ÓSCAR volver al indice
 

     Durante el viaje, mis desconocidos compañeros de departamento estuvieron hablando mucho rato de un óscar, de otro óscar, de muchos óscares. De Hollywood, claro.
     Me sorprendí sonriendo. Porque pensé inmediatamente en mi Óscar.

     De la casa de enfrente sólo conozco de visu, aparte las tejas y la antena del televisor, un gato que se pasea olímpicamente por el tejado. Color chocolate claro, con franjas blancas. Pero de auditu y ya «de corazón» está mi Óscar.
     Vive a unos once metros de mi ventana. Nunca le he visto. Sólo le oigo llorar a ratos, pocos, y sobre todo le siento presente a través de la voz caliente de su madre: «Óscar», «Óscar», «Óscar»... y así —no exagero— hasta diez, quince veces por minuto. Que a la hora, en los buenos días, alcanza la no despreciable cota de 900 óscares.
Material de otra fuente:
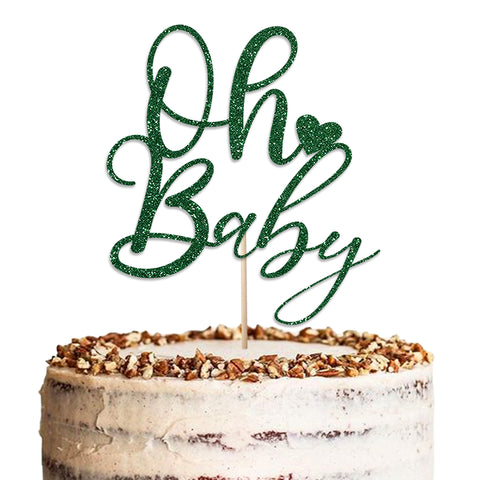 Oh Baby Baby Shower Glitter Cake Topper by KreateSquare | Variety of Colour Available Premium 950 GSM Glitter Finish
     Cuando rezo «laudes» o «vísperas» al llegar al final, junto al recuerdo por la paz del mundo, por la libertad de los hombres, por mi madre la Iglesia, introduzco —cuesta poco— el recuerdo del pequeño. Y le digo a Dios: «para que Óscar crezca», «para que cuando Óscar tire piedras nunca apunte a mi ventana», «para que Óscar no pesque ningún catarro»...
     Aparentemente estas invocaciones contrastan con las otras, aquéllas en latín, éstas mirando en frente. Pero quizá sólo aparentemente, porque en realidad el mundo, los hombres, la Iglesia sólo existan a través de los óscares, perdón, de mi Óscar y la voz infinita de su madre.